- Data provided

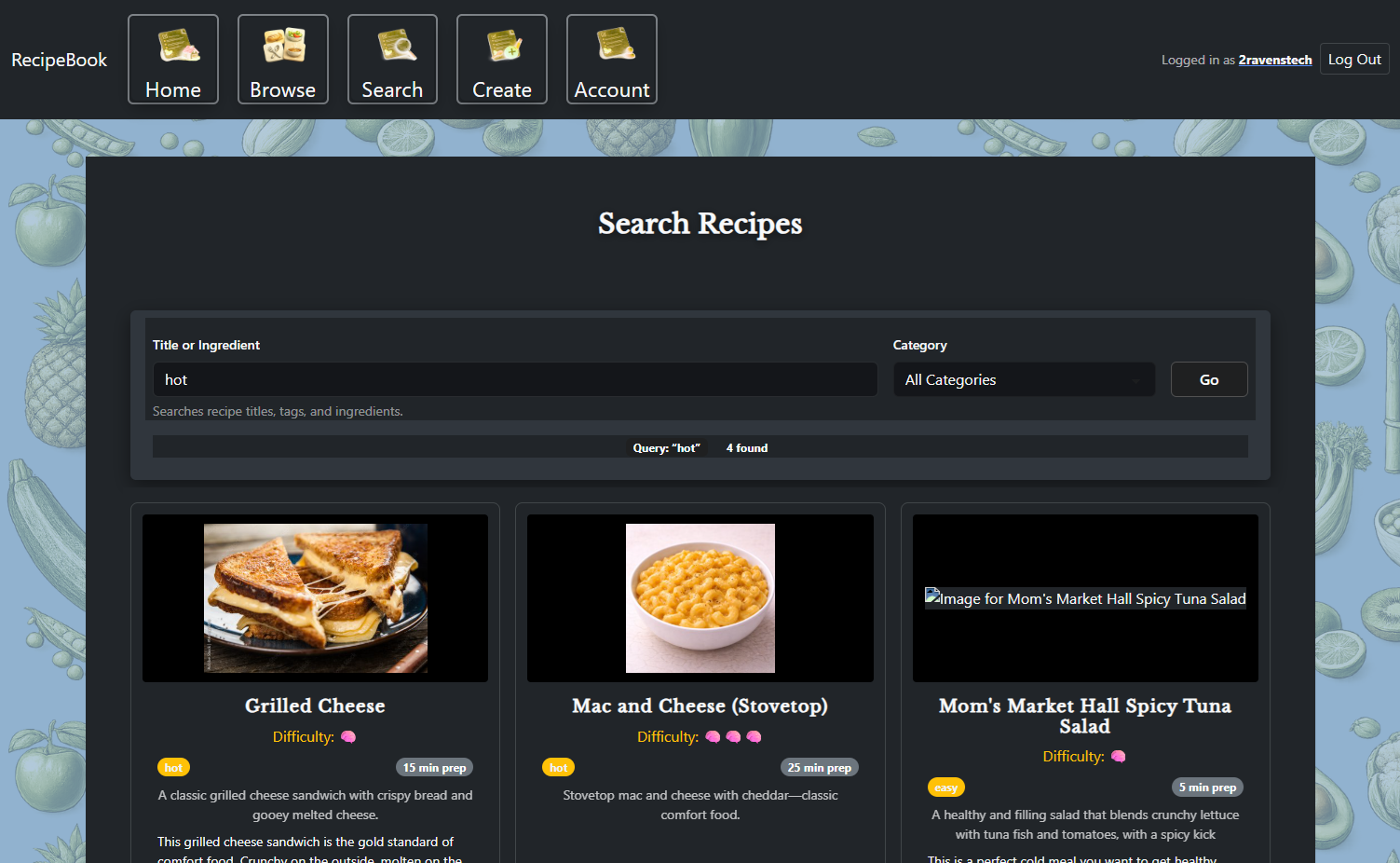 Recipebook screenshot
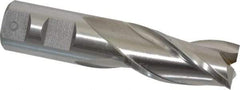 Cleveland - 1", 2" LOC, 1" Shank Diam, 4-1/2" OAL, 3 Flute, High Speed Steel Square End Mill - Single End, Uncoated, Spiral Flute, 30° Helix, Centercutting, Right Hand Cut, Right Hand Flute, Series HG-3 - USA Tool & Supply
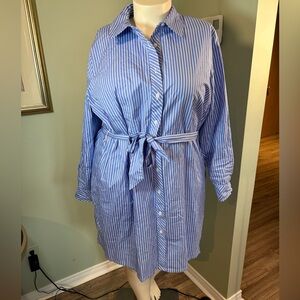 137. DKNY Striped Blue Button-Up Shirt Dress with Tie Waist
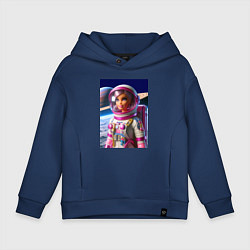 Толстовка оверсайз детская Барби - крутой космонавт, цвет: тёмно-синий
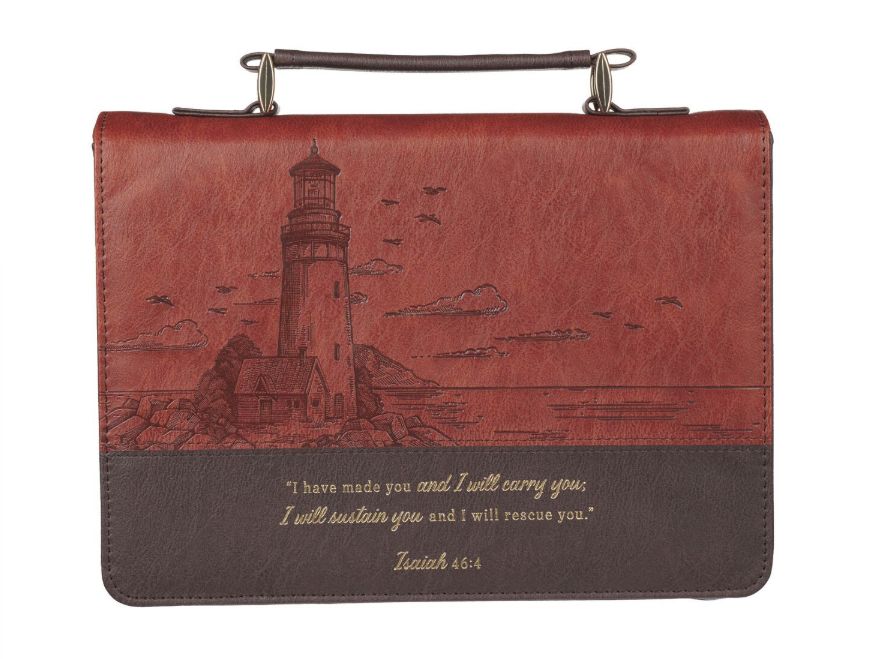 Have Made You Two-tone Brown Faux Leather Classic MD Bible Cover - Isaiah 46:4
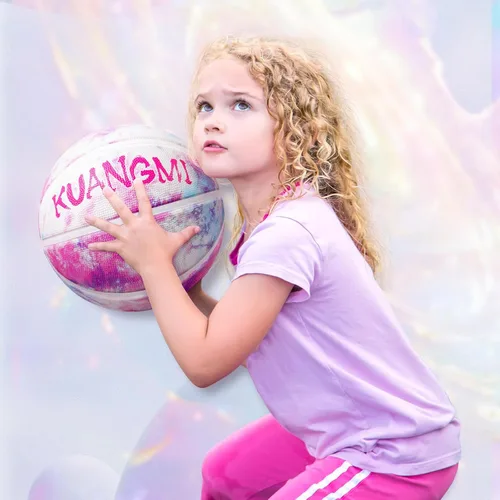 Miniatura 7 de Pelota de baloncesto de goma Kuangmi, tamaño 5 (27.5"), tamaño 4 (25.5"), hecha para juegos deportivos al aire libre y en interiores, parque, playa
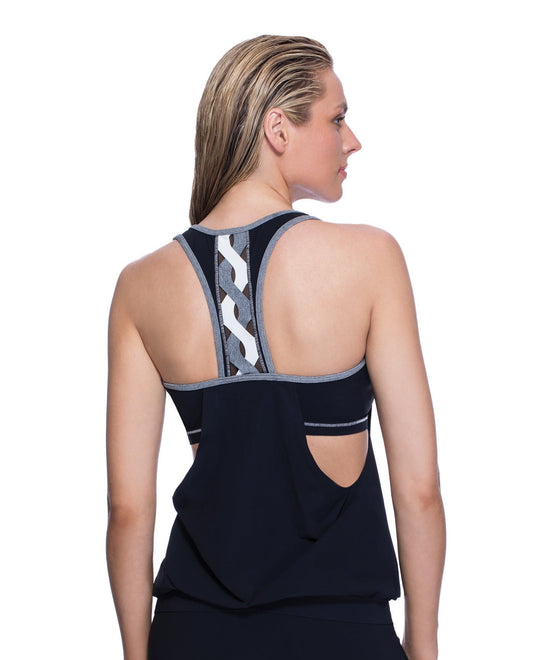 Back View Of Free Sport Dna D-Cup Blouson Y-Back Tankini Top | FREE SPORT DNA BLACK AND WHITE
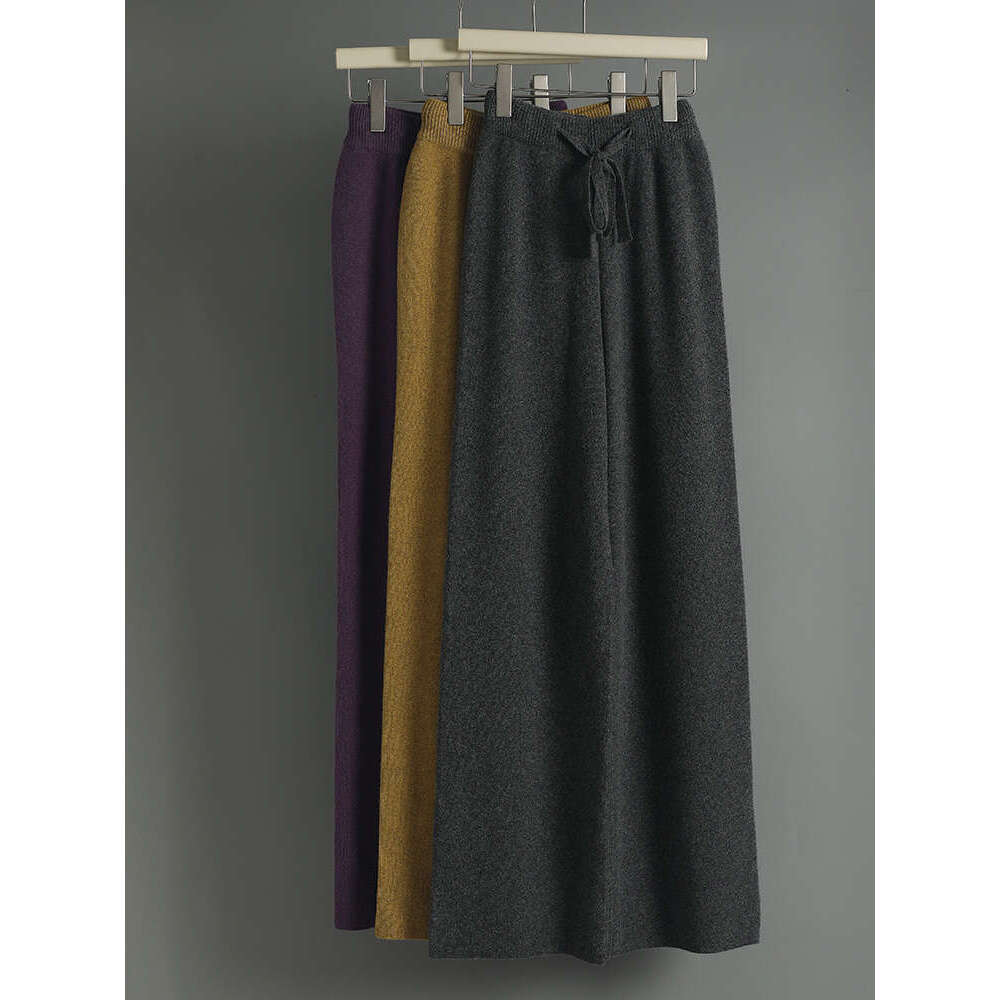 CHICUU Women Cashmere Autumn Winter Wide Leg Pants Full Length 100% Merino Wool Knitwear Basic Simple Trousers Korean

- What this task involves
Could you reproduce exactly, and only, the lines from the one containing "Толстовка оверсайз детская" through the end of the records above, both included, while leaving out the pictures?

- Task answer
 Толстовка оверсайз детская Барби - крутой космонавт, цвет: тёмно-синий
 Have Made You Two-tone Brown Faux Leather Classic MD Bible Cover - Isaiah 46:4
 Miniatura 7 de Pelota de baloncesto de goma Kuangmi, tamaño 5 (27.5"), tamaño 4 (25.5"), hecha para juegos deportivos al aire libre y en interiores, parque, playa
 Back View Of Free Sport Dna D-Cup Blouson Y-Back Tankini Top | FREE SPORT DNA BLACK AND WHITE
 CHICUU Women Cashmere Autumn Winter Wide Leg Pants Full Length 100% Merino Wool Knitwear Basic Simple Trousers Korean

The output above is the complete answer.